While a small tweak, this is a major quality-of-life improvement that guarantees owners retain access to settings and permissions. It makes sure that you, as the owner, always have immediate access to manage the calendar’s settings, adjust sharing permissions, and control the entire lifecycle of that schedule. Even if you hide them from your main view, these calendars are always accessible in your Settings. If you want them back on your daily schedule grid, just check the ‘Show in calendar list’ box.
This was mentioned late last year by Google, but it focused on the fact that there would be changes to secondary calendar ownership. Previously, secondary calendars, which are any calendars you create or are shared with you, could only be managed at the organization level. That structure was too broad for effective day-to-day management.
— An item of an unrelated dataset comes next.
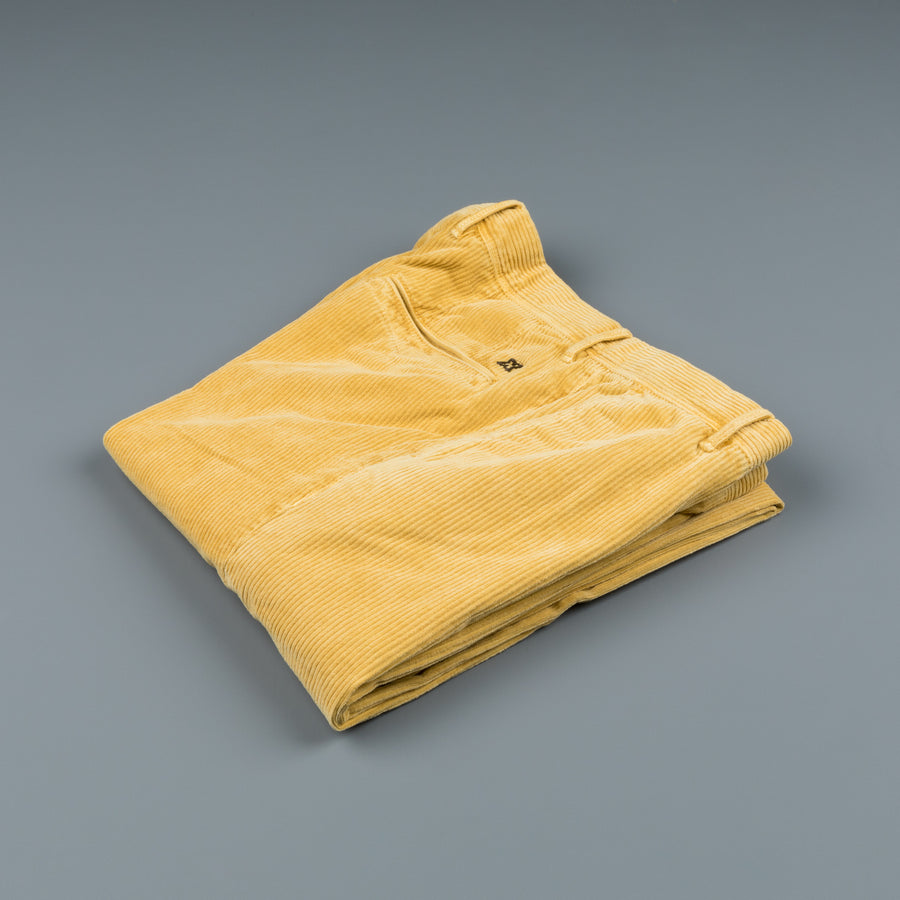 Incotex Slacks Model 100 9-Wale Corduroy Giallo Ottone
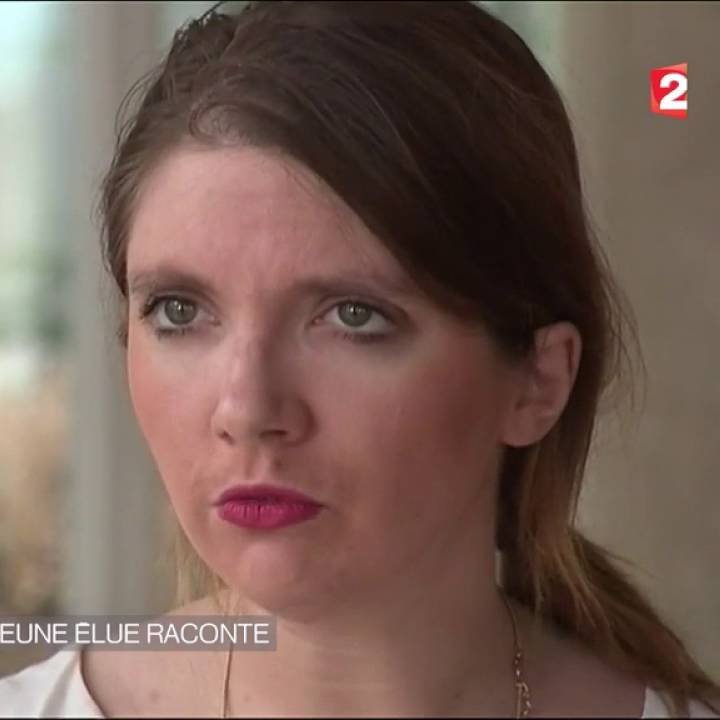 thenews_fr's tweet photo. 🇩🇪🚨 Jusqu'à 5 ANS DE PRISON pour celui qui scandera « From the river to the sea » ?

C'est en tout cas ce que sous-entend Caroline Yadan, qui assimile la loi allemande à sa propre « loi Yadan » — celle dont elle affirmait qu'elle interdirait ce slogan.

Le texte allemand, adopté vendredi, prévoit jusqu'à 5 ans de prison pour quiconque nie publiquement le droit à l'existence de l'État d'Israël ou appelle à sa destruction. Une loi exclusive, qui ne protège que l'État d'Israël — aucun autre pays au monde n'est concerné.

En France, le dossier a été repris par la ministre Aurore Bergé, qui a présenté jeudi son propre projet de loi en Conseil des ministres, avec un vote espéré avant fin 2026.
The new system defines a single, dedicated owner for each secondary calendar. When you create a new calendar, you automatically become the owner. For existing calendars, Google automatically assigned an owner based on the calendar’s current permissions. This move gives much more fine-grained control for anyone who needs to define specific policies for each calendar, such as data regions.
Defining a dedicated owner also makes transferring responsibility much easier. If you are the owner of a secondary calendar, you can transfer that ownership to another user right through the Calendar settings.
When it comes to managing the calendar’s lifecycle, you now have clear options. To get rid of a calendar now, you have two choices: nuke it for everyone, or hand the keys to a new owner. Transferring ownership lets you unsubscribe from the calendar while making sure it stays active and visible for the rest of the team.